Это был намек не столько на самого Темкина, сколько на Могутина. За них вступился Д.Кузьмин:
«А что касается убожества, так вы сделайте лучше — ударьте палец о палец! А то, блин, интеллектуалы — только и умеют объяснять: гей-движение не такое, гей-активисты не те… Всякое gay-community имеет таких активистов, каких заслуживает. Если вы не хотите, чтобы образ гея в массовом сознании формировался эпатажным Могутиным, противопоставьте этому образу, на таком же уровне публичности, другой образ, более достойный! На Западе таких примеров — пруд пруди, а здесь, в России — ну-ка, недовольные, кто первый? Не нравятся гей-издания — сделайте другие! Ни фига…»
(Уильямс 1993: 33)
Итак, у популяции тех, кто «любит иначе», обозначилось два направления развития. Одни мечтают о тихом допущении и признании гомосексуальности, другие устремлены к мятежу геев. Видимо, рано подводить итог спору об этих двух направлениях.
На стороне первых единение со всем народом и работа в общенародной культуре — великой культуре. Они очень многочисленны. Но они обычно равнодушны к массе своих собратьев по сексуальной ориентации, скрытны и — в качестве гомосексуалов — незаметны. По крайней мере, хотят быть незаметными. Вторые образуют громкое и скандальное меньшинство. На их стороне — та политическая борьба, которая и привела к нынешнему признанию гражданских прав сексуальных меньшинств, но на их счету и опасное отделение голубых от обычной публики, резкое противопоставление геев прочему люду, уход в узкую и не совсем здоровую субкультуру.

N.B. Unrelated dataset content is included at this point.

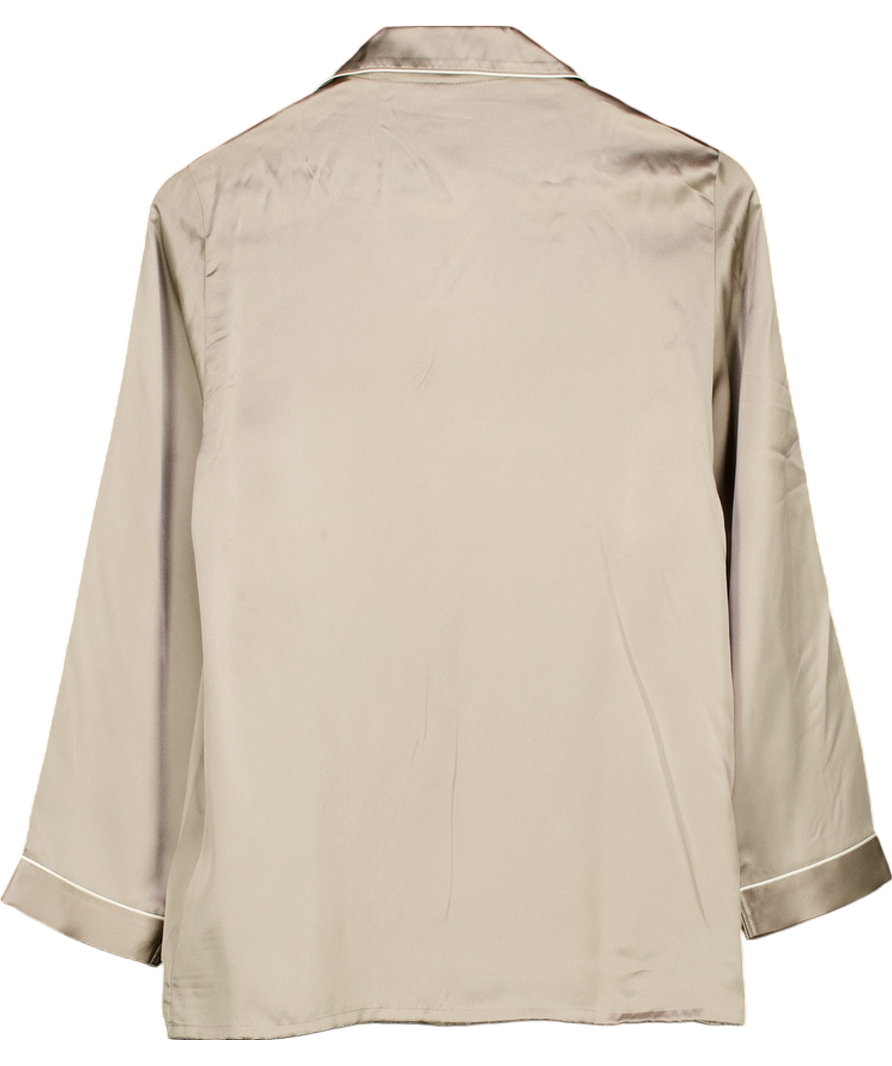 intimissimi Grey Mannish-cut Long Sleeve Silk Satin Shirt UK S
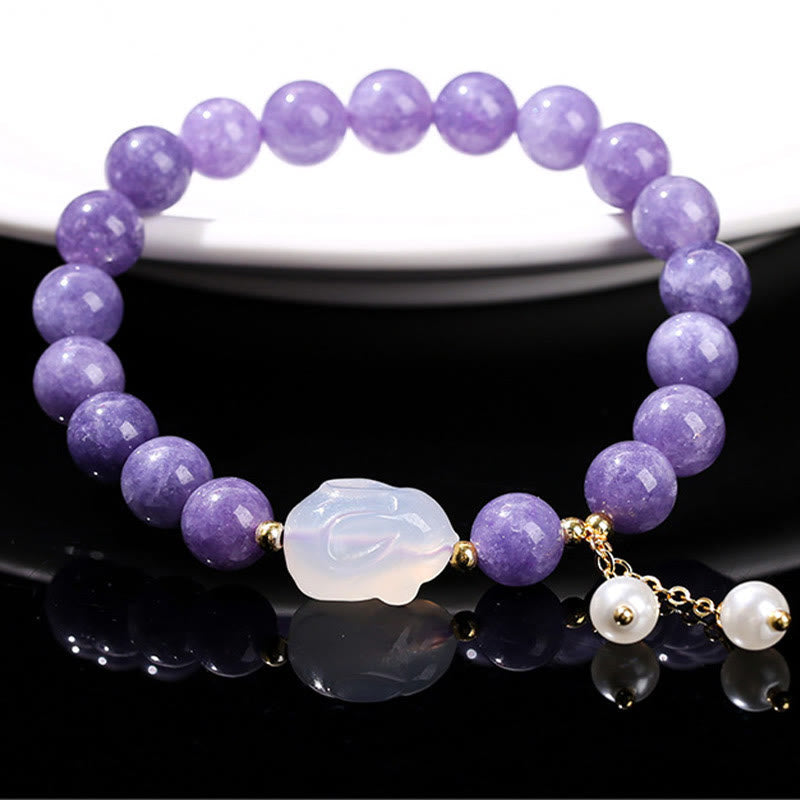 8mm Purple Chalcedony Beaded Spiritual Healing Bracelet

Любопытно рассмотреть некоторые черты этой субкультуры (Schwendter 1971; Dannecker und Reiche 1975, Кар. 2. «Die homosexuelle Subkultur»: 67-144; Hohmann 1976; Browning 1993a; и др.).
2. Властительная гипербола
В «Дневнике вора», аттестованном на обложке как «автобиографический роман», Жене таким образом рассуждает об одноруком Стилитано:
«Мне было наплевать, смогу ли я, будучи без ума от мощных красавцев, влюбиться в этого вшивого уродливого оборванца, на которого покрикивали даже трусы, воспылать страстью к его приплюснутым ягодицам… а если, как на грех, у него окажется великолепный член?» Уже на следующей странице он признается, что «был сражен наповал» одноруким. «Но прежде всего да будет вам известно, что он не был наделен ни единой христианской добродетелью. Весь его блеск, вся его сила заключалась у него между ногами. Его член со всеми своими придатками, весь этот агрегат был настолько прекрасен, что у меня язык не поворачивается назвать его органом воспроизводства. Казалось, он был мертв, он редко и медленно приходил в движение, но не спал. Даже ночью он излучал из тщательно, хотя и одной рукой застегнутой ширинки сияние, озарявшее его обладателя».